This blog is meant as an open forum where translators of Haruki Murakami can share ideas and discuss solutions to problems encountered in the process of translating his works. It was launched by two translators of Murakami into Norwegian and Polish, Ika Kaminka and Anna Zielinska-Elliott. Some of us have collaborated in the past, and many of us are in touch regularly by e-mail, but the publication of the new novel in 2013 served as a catalyst for the creation of an online translation blog.
Tuesday, October 7, 2014
Haruki Murakami Wins Welt's Literaturpreis for 2014
It was announced on October 3 that Haruki Murakami will be the recipient of this year's Die Welt literary prize. The prize, established in honor of Willy Haas, who founded Die Literarische Welt in 1995, has been awarded annually since 1999 to international authors by the literary supplement of the German weekly. Among past recipients are Philip Roth, Amos Oz, Imre Kértesz, Jeffrey Eugenides and Jonathan Franzen. Murakami will apparently travel to Berlin to accept the prize on November 7.

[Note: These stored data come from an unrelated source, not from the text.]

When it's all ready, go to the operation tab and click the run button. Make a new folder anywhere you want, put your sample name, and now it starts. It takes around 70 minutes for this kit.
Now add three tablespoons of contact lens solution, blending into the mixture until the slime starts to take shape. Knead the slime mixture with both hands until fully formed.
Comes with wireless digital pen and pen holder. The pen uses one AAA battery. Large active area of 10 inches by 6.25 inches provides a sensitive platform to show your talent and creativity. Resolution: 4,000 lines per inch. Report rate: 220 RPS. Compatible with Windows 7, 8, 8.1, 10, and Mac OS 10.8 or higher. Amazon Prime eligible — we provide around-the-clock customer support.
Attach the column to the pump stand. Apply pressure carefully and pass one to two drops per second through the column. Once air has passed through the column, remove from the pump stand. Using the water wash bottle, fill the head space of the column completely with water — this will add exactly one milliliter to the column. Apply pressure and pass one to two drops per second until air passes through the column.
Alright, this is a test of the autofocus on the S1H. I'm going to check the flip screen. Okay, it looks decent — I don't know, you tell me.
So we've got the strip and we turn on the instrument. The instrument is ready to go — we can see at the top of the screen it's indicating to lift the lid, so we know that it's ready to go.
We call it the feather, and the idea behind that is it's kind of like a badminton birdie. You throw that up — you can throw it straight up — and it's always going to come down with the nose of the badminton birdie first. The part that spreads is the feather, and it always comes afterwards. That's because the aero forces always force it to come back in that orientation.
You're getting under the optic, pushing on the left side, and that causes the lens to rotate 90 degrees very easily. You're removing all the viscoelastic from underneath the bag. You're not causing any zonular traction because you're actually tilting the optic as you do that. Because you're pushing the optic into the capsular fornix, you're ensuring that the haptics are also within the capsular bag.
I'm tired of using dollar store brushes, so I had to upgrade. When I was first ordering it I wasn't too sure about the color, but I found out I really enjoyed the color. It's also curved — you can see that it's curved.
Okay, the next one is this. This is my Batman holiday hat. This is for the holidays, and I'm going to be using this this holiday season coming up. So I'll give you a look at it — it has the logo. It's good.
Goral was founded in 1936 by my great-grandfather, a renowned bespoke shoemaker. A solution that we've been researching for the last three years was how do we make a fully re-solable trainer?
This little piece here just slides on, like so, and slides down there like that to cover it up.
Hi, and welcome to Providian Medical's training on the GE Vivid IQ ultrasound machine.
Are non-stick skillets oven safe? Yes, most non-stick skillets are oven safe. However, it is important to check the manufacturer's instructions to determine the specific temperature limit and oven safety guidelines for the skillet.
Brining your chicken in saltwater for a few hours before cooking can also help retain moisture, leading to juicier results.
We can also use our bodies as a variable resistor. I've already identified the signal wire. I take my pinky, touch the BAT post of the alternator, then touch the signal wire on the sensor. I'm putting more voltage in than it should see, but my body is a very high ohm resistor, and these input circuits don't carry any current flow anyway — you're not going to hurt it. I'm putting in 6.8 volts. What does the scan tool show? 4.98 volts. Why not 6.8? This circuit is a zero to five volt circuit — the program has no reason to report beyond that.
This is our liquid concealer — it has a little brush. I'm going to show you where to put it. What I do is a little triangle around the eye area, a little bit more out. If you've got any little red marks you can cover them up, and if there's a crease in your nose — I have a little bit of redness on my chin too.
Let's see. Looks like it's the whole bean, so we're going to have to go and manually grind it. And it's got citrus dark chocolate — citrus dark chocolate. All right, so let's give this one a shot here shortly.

Die Welt published a long article announcing the prize, in which Richard Kämmerlings talks about Murakami's biography, his writing style, and his newest novel [Tsukuru Tazaki]. He also refers to the new anthology of stories [Onna no inai otokotachi], which will be coming out in German later in October as Von Männern die keine Frauen haben -- before the English translation appears, as Kämmerlings stresses ("In der kommenden Woche erscheint im Dumont Verlag ein neuer Band mit Erzählungen von Murakami auf Deutsch, noch vor der englischen Übersetzung").
The article features pictures of both beautiful covers and Ursula Gräfe is listed as the translator underneath each of them, but there is not one word about her in the article. It would seem pretty obvious that it must be partly owing to her great translations that the jurors for Die Welt decided to give the prize to Haruki Murakami!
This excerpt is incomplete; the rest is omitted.